Parfois, à la demande des Alliés, des gendarmes sont détachés au sein de leur Military Police pour constituer des équipes mixtes. C’est ce qui arrive au gendarme Charles Fontaine, un réfugié alsacien accueilli clandestinement à la brigade de Cannes. Après la libération de la ville, les Américains recherchent de jeunes sous-officiers sans enfant pour les emmener avec leur Military Police. Malgré l’accouchement récent de sa femme, Charles Fontaine part donc avec les libérateurs américains. Il ne se doute pas qu’il ira ainsi jusqu’en Autriche.

Enfin, des gendarmes ayant rejoint les FFI décident de poursuivre la lutte contre l’occupant, au sein des armées. Le gendarme Gaston Houpert, de la brigade de Piègut-Pluviers (Dordogne) passe ainsi aux FFI dès le 7 juin 1944. Ce sous-officier se fait incorporer dans une unité de la Résistance, dite  » Secteur Nord de la Dordogne « , commandée par le lieutenant-colonel Rac. Nommé maréchal des logis-chef, puis adjudant FFI, il participe avec son unité à la libération de Périgueux, Angoulême et Cognac. Plus tard, cette formation, devenue le 50ème régiment d’infanterie, participe à l’attaque de Royan et à la prise de l’île d’Oléron. C’est là que le gendarme Houpert sera tué, le 30 avril 1945.

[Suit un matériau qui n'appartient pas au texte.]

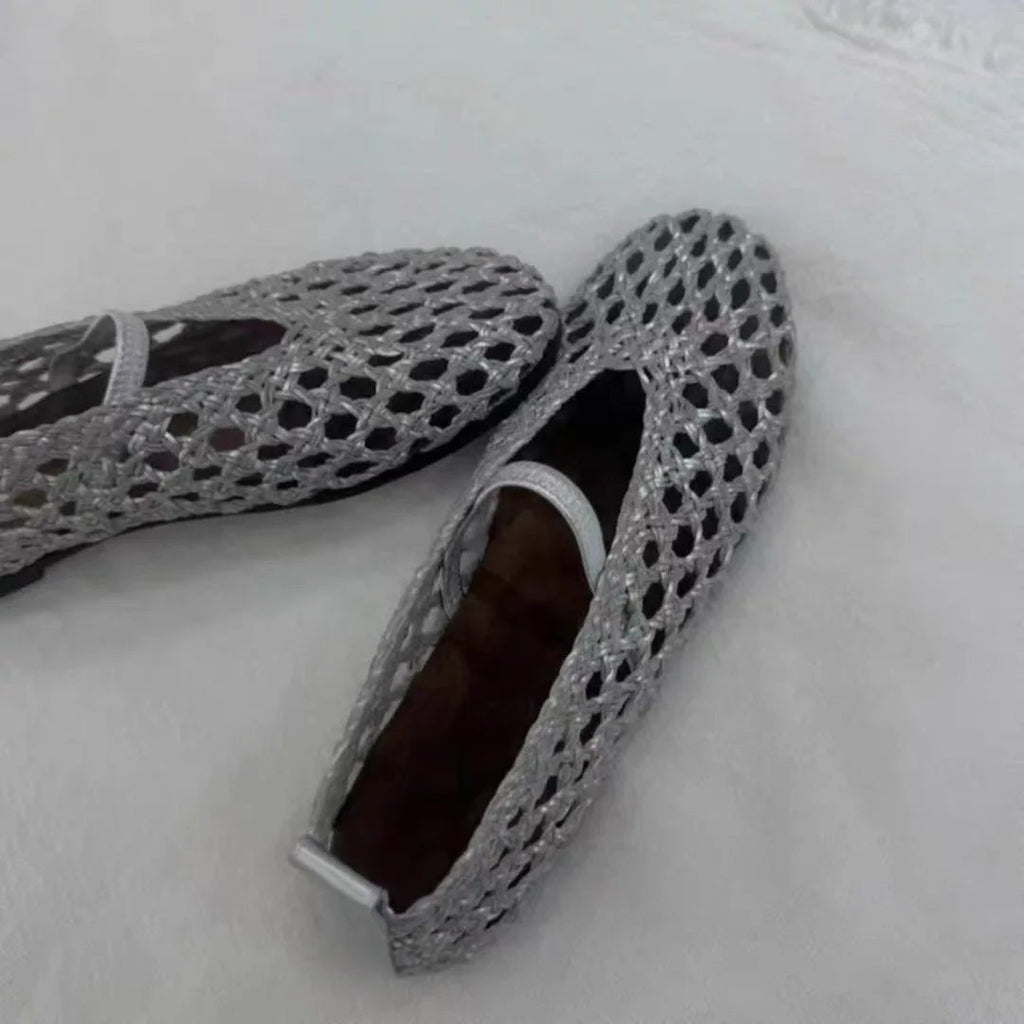 Francesca Hollow Woven Flat Shoes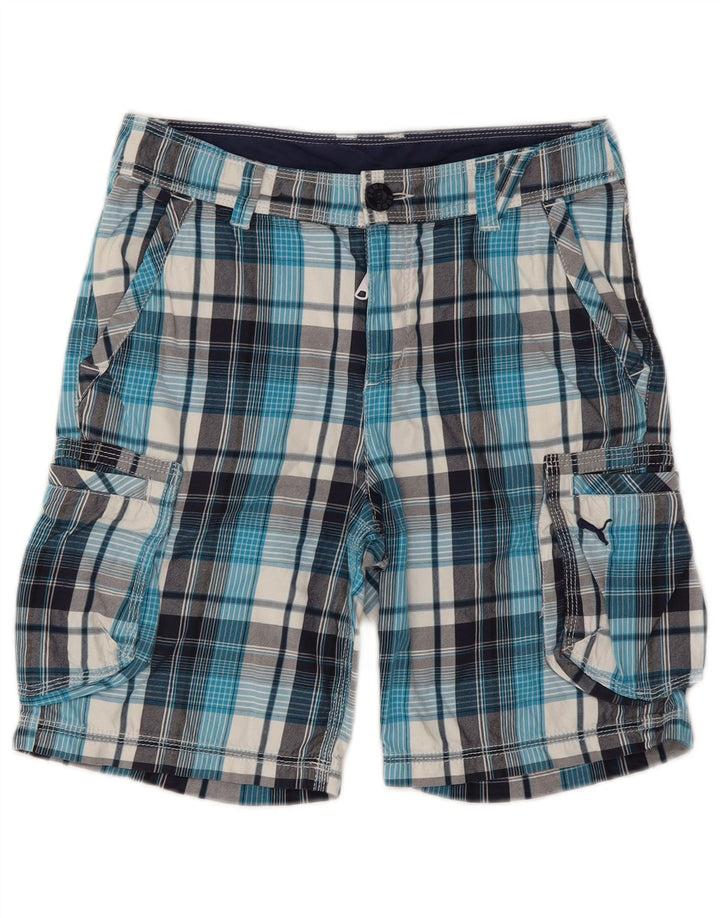 Pantaloncini cargo Puma da ragazzo 11-12 anni W28 in cotone a quadri blu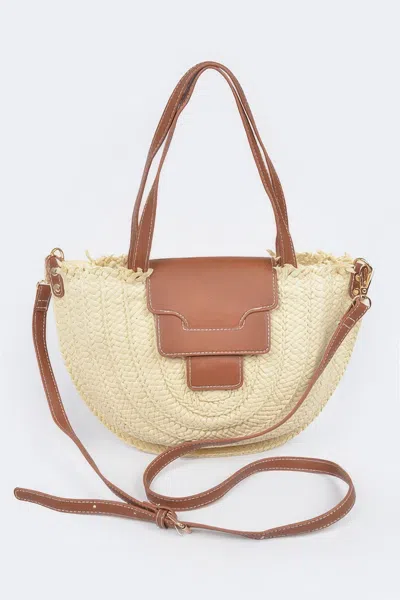 Fashnzfab Faux Straw Crossbody Bag In Multi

Au cours de l’année 1944, la gendarmerie départementale a donc contribué à la Libération de différentes manières. Dans les brigades, des gendarmes ont facilité l’action de la Résistance et des Alliés en mobilisant les moyens mis à leur disposition. Dans les maquis, ces militaires ont fourni des instructeurs et des cadres. Dans les armées de la Libération, les prévôtés ont assuré des missions aussi variées que la sécurité des QG ou la protection des populations locales.